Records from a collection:
━━━━━━━━━━━━━━━━
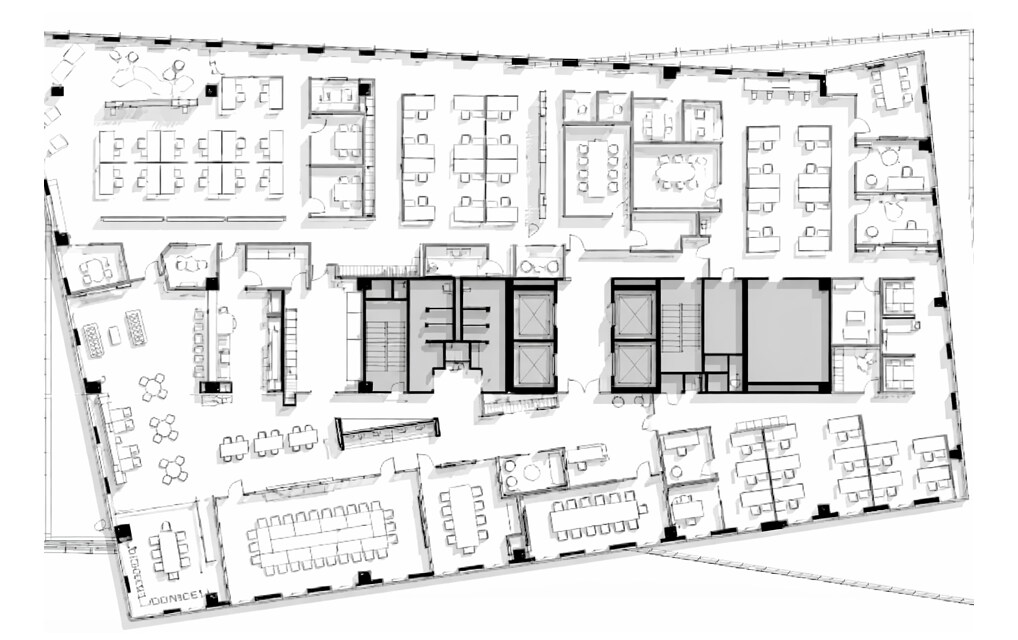 500 L'Enfant Plz SW, Washington, DC à louer Plan d’étage– Image 1 sur 1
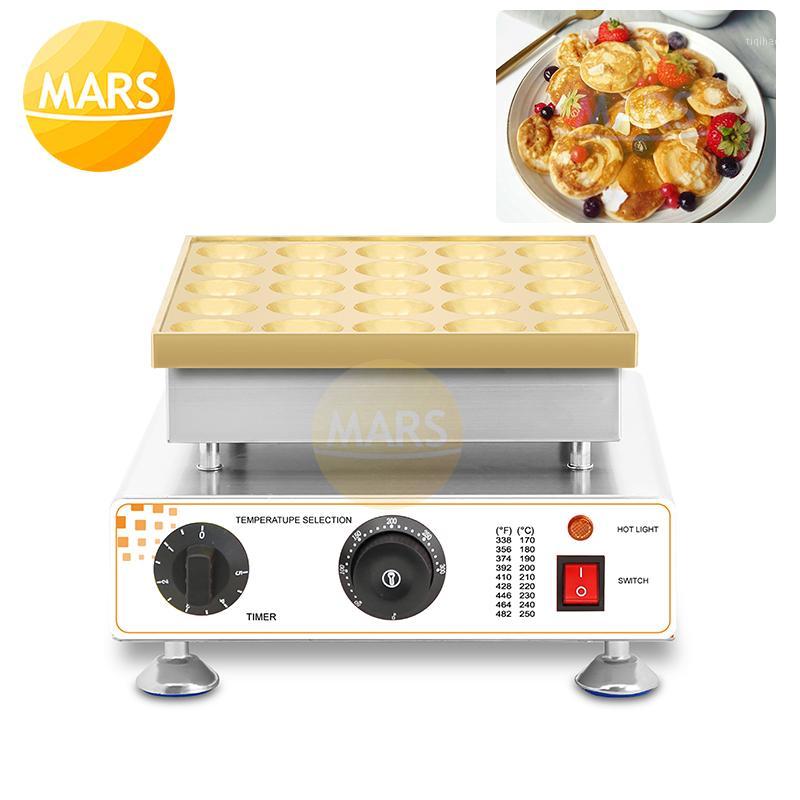 

Commercial Mini Pancake Machine 25 Holes Non Stick Pancake Maker Poffertjes Pan Grill Mini Dutch Waffle Maker Dorayaki Machine1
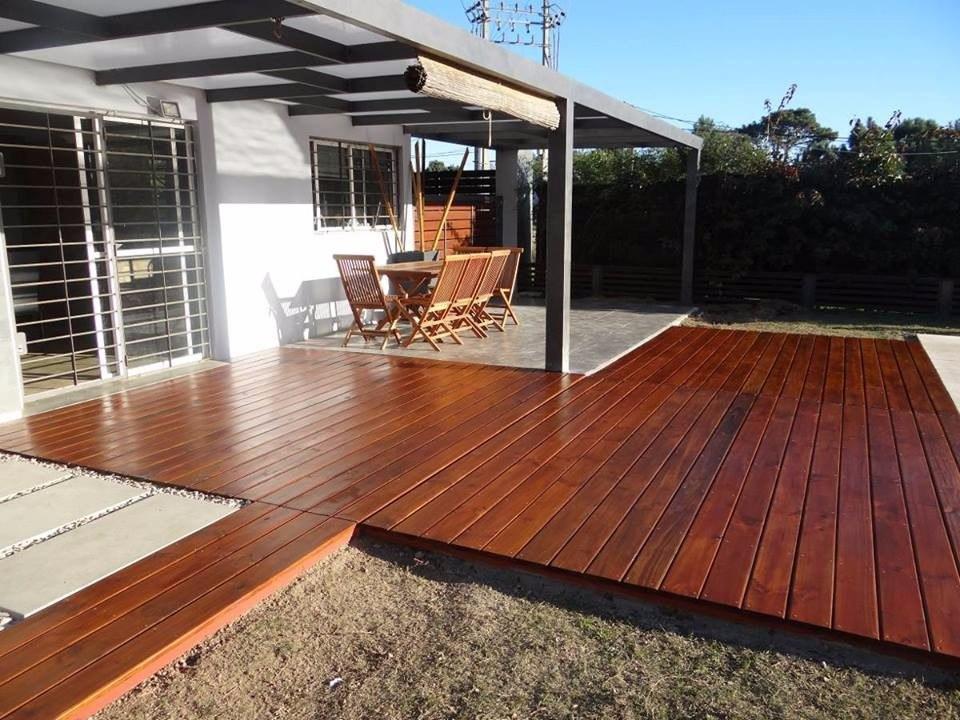 PISOS DECK EN MADERA TRATADA en Las Piedras - Imagen 19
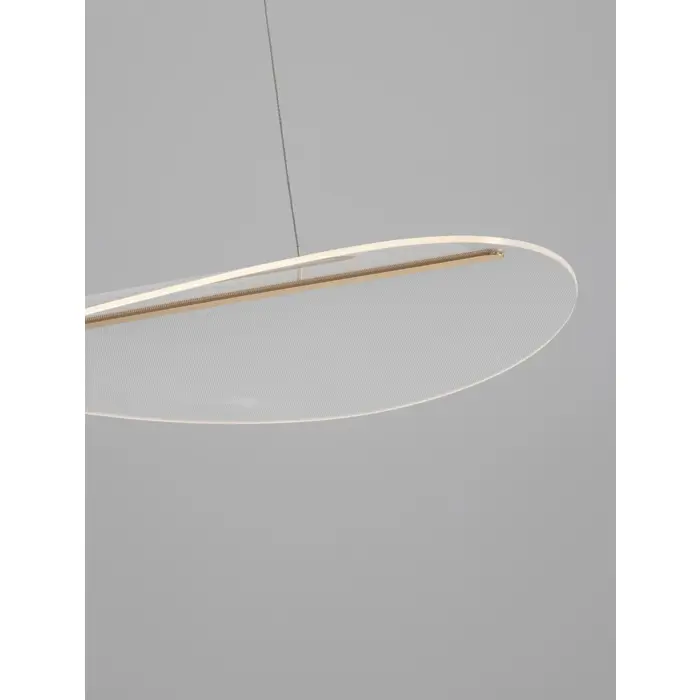 AGOS VISILICA LED 32W/3000K/2156lm/DIMM/IP20/ZLATNA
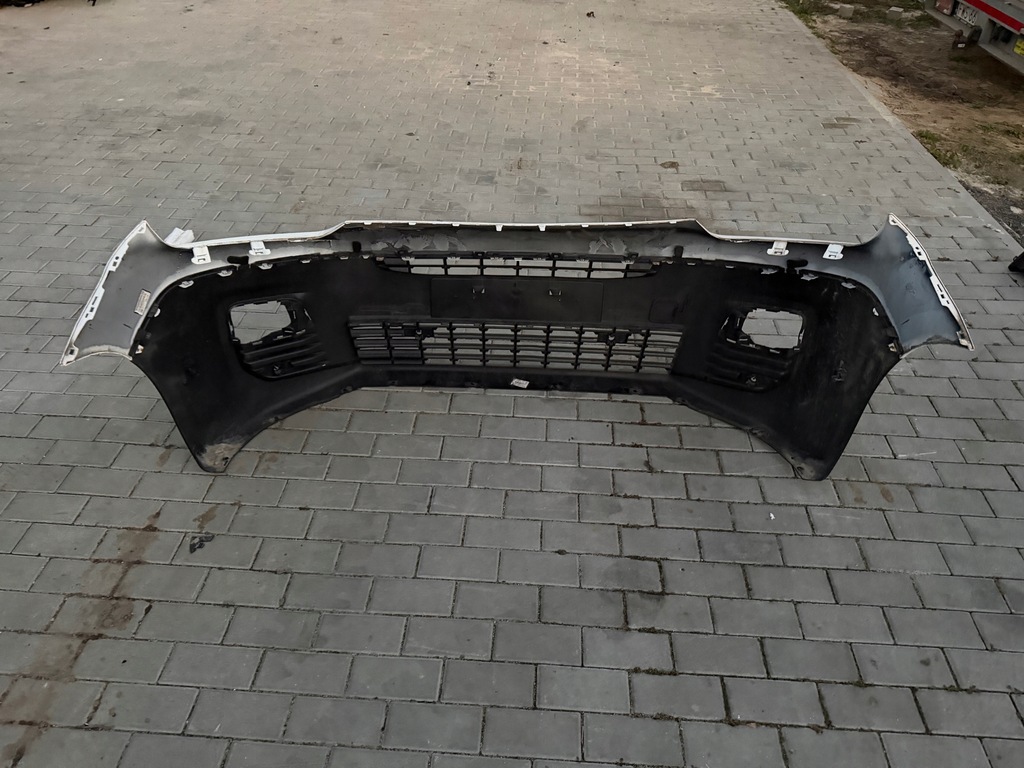 фото №8, Citroen berlingo iv 18- грузовой бампер передний хороший!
━━━━━━━━━━━━━━━━
Which lines run from the one containing "AGOS VISILICA LED" to the end of the entries above? Write them out exactly, leaving out every picture.

 AGOS VISILICA LED 32W/3000K/2156lm/DIMM/IP20/ZLATNA
 фото №8, Citroen berlingo iv 18- грузовой бампер передний хороший!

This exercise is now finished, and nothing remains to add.